● **ASSIGNED TASK**
Each entry in the block below needs to be copied out exactly.

= = =

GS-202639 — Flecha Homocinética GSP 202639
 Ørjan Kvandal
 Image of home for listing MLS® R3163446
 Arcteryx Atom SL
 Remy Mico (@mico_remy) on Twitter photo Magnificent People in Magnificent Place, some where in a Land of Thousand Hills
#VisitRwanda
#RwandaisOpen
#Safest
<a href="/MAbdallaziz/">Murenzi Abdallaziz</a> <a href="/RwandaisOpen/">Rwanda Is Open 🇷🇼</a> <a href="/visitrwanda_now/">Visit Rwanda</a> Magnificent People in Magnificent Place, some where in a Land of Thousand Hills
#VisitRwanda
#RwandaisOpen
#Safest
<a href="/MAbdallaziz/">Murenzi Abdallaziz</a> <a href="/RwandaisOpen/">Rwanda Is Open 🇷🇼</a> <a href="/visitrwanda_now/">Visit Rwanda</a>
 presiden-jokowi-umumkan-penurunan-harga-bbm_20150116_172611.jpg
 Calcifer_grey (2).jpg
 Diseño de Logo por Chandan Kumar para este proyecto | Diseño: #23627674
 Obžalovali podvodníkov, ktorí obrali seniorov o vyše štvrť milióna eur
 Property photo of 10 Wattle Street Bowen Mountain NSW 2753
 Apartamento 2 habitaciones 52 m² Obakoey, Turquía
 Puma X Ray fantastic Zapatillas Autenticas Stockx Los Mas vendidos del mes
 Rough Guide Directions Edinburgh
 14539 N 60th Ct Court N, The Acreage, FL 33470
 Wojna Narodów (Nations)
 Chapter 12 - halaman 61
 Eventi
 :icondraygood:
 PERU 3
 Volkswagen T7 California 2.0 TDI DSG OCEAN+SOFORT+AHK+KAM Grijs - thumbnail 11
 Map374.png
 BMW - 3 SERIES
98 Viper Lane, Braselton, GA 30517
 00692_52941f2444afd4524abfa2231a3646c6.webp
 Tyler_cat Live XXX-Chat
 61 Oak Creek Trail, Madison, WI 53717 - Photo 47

= = =

● **ANSWER TO THIS PROBLEM**
GS-202639 — Flecha Homocinética GSP 202639
 Ørjan Kvandal
 Image of home for listing MLS® R3163446
 Arcteryx Atom SL
 Remy Mico (@mico_remy) on Twitter photo Magnificent People in Magnificent Place, some where in a Land of Thousand Hills
#VisitRwanda
#RwandaisOpen
#Safest
<a href="/MAbdallaziz/">Murenzi Abdallaziz</a> <a href="/RwandaisOpen/">Rwanda Is Open 🇷🇼</a> <a href="/visitrwanda_now/">Visit Rwanda</a> Magnificent People in Magnificent Place, some where in a Land of Thousand Hills
#VisitRwanda
#RwandaisOpen
#Safest
<a href="/MAbdallaziz/">Murenzi Abdallaziz</a> <a href="/RwandaisOpen/">Rwanda Is Open 🇷🇼</a> <a href="/visitrwanda_now/">Visit Rwanda</a>
 presiden-jokowi-umumkan-penurunan-harga-bbm_20150116_172611.jpg
 Calcifer_grey (2).jpg
 Diseño de Logo por Chandan Kumar para este proyecto | Diseño: #23627674
 Obžalovali podvodníkov, ktorí obrali seniorov o vyše štvrť milióna eur
 Property photo of 10 Wattle Street Bowen Mountain NSW 2753
 Apartamento 2 habitaciones 52 m² Obakoey, Turquía
 Puma X Ray fantastic Zapatillas Autenticas Stockx Los Mas vendidos del mes
 Rough Guide Directions Edinburgh
 14539 N 60th Ct Court N, The Acreage, FL 33470
 Wojna Narodów (Nations)
 Chapter 12 - halaman 61
 Eventi
 :icondraygood:
 PERU 3
 Volkswagen T7 California 2.0 TDI DSG OCEAN+SOFORT+AHK+KAM Grijs - thumbnail 11
 Map374.png
 BMW - 3 SERIES
98 Viper Lane, Braselton, GA 30517
 00692_52941f2444afd4524abfa2231a3646c6.webp
 Tyler_cat Live XXX-Chat
 61 Oak Creek Trail, Madison, WI 53717 - Photo 47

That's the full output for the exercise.